During the Second World War, he served in The Middlesex Regiment and was mentioned in dispatches, rising to the rank of lieutenant.

==Career==

In 1947, Dobson became assistant to House of Lords Library librarian Charles Travis Clay, who had been in the post since 1914.

Under Clay's guidance, Dobson compiled an edition of the Oxfordshire Protestation Returns 1641–1642, published in 1955, and organised the legal collections. However, Dobson lacked passion for statistics and historical research, far preferring the literary world.

Following Clay's retirement in 1956, Dobson succeeded him and maintained the library largely as his predecessors had, with the library acquiring about 250 titles per year. At this time, there was little impetus for modernisation of library standards. Dobson's main interest was in the acquisition of rare and historical volumes, and grew the library's collection of works from the reigns of Henry VIII through William and Mary.

In 1960, he and Earl Spencer edited Letters of David Garrick and Georgiana Countess Spencer, 1759–1779.

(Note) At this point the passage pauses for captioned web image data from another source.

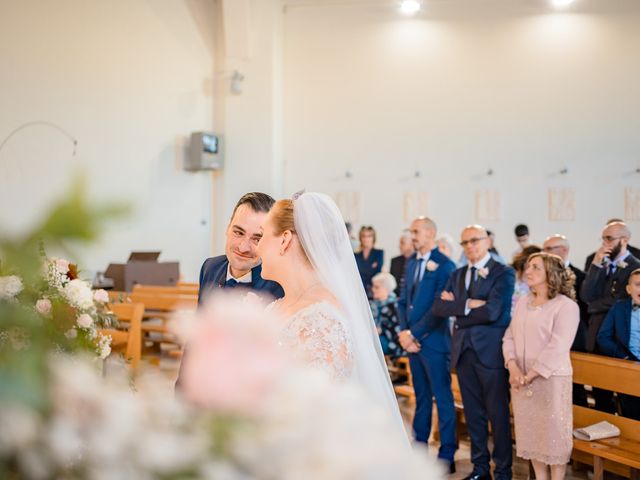 Il matrimonio di Daniele e Deborah a Montesilvano, Pescara 27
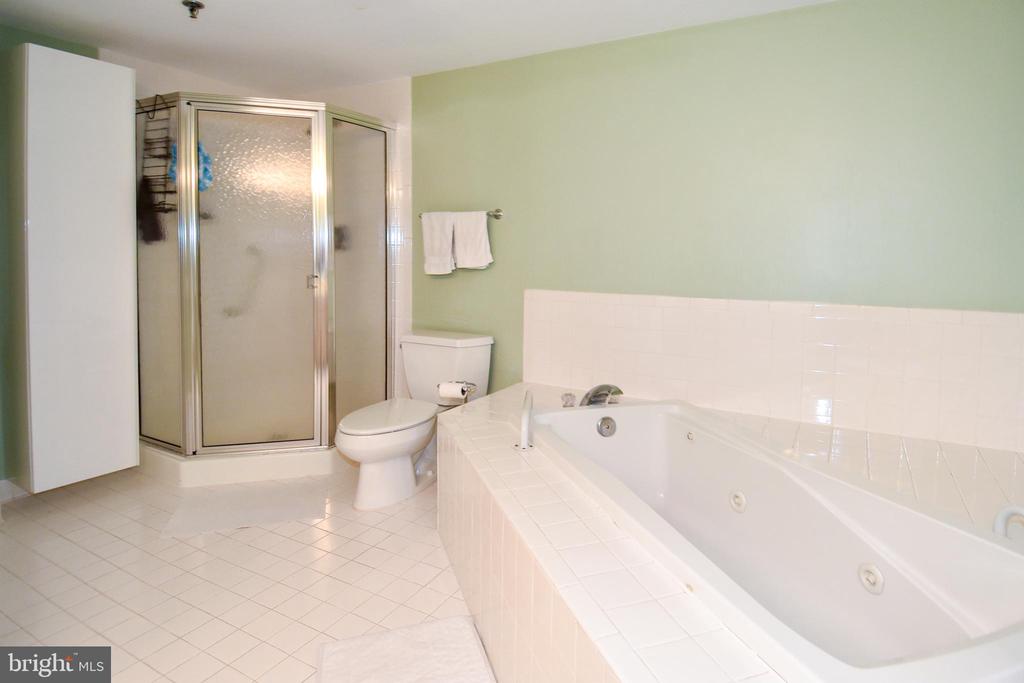 5450 WHITLEY PARK TERRACE Unit: 212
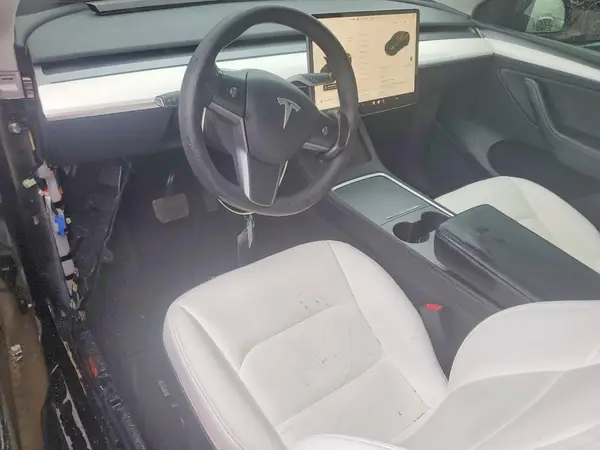 7SAYGAEEXPF766406 2023 TESLA MODEL Y - Image 8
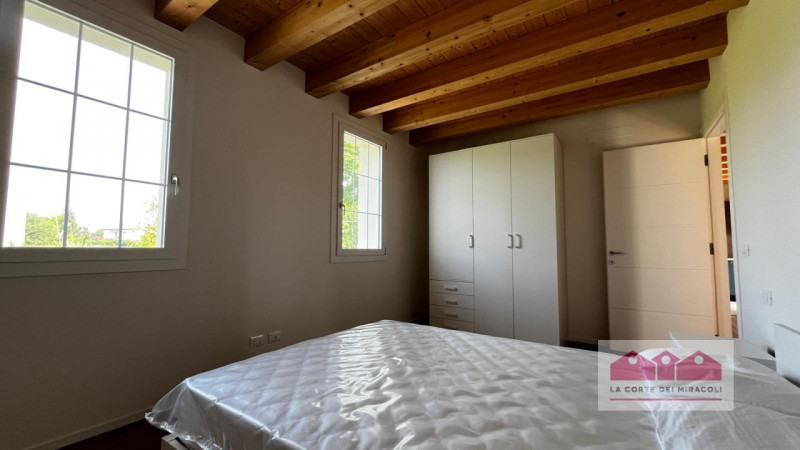 VICENZA: APPARTAMENTO RISTRUTTURATO CON GIARDINO PRIVATO COMPOSTO DA UNA CAMERA DA LETTO, UNA CAB...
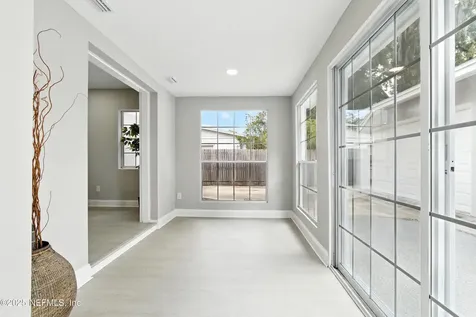5618 Milmar Drive S Jacksonville FL 32207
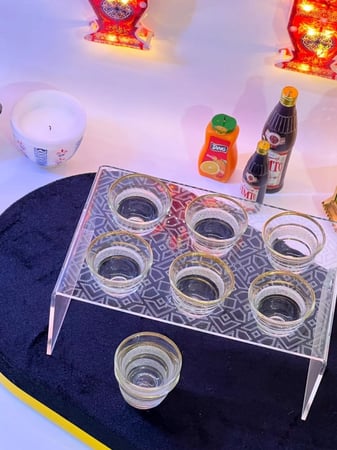 صينية اكريلك لتقديم الفناجين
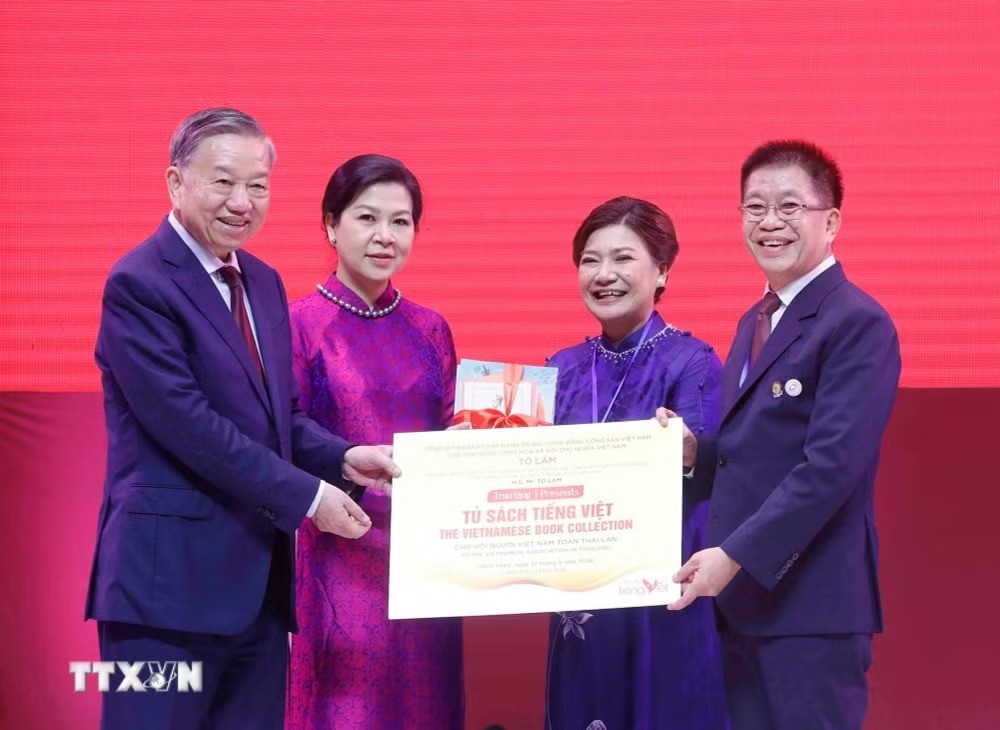 Tổng Bí thư, Chủ tịch nước Tô Lâm gặp gỡ cộng đồng người Việt Nam tại Thái Lan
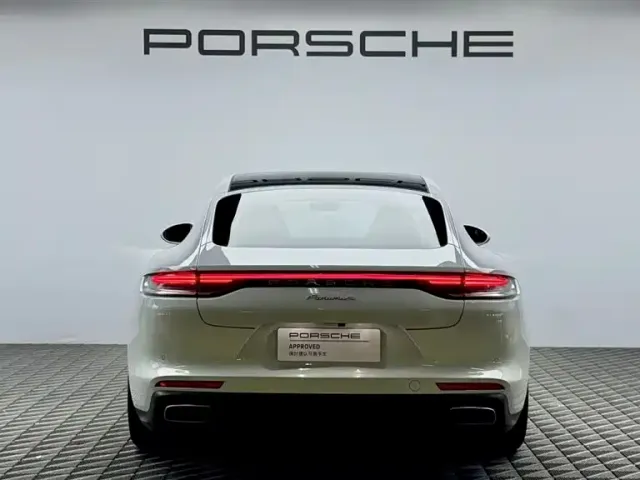 Porsche Panamera — Фото автомобиля 5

He was described in The Times as:

He retired in 1977 as the need for drastic change became apparent, owing to technology advances and the growing numbers of life peers who had larger research demands than their hereditary counterparts. He was succeeded by Roger Morgan, who saw the library through a period of modern transformation of increasing digitisation, from 1977 to 1991.

In 1964, he became a member of the Roxburghe Club for bibliophiles. He had a considerable private collection of books and was an enthusiast of Victorian bindings.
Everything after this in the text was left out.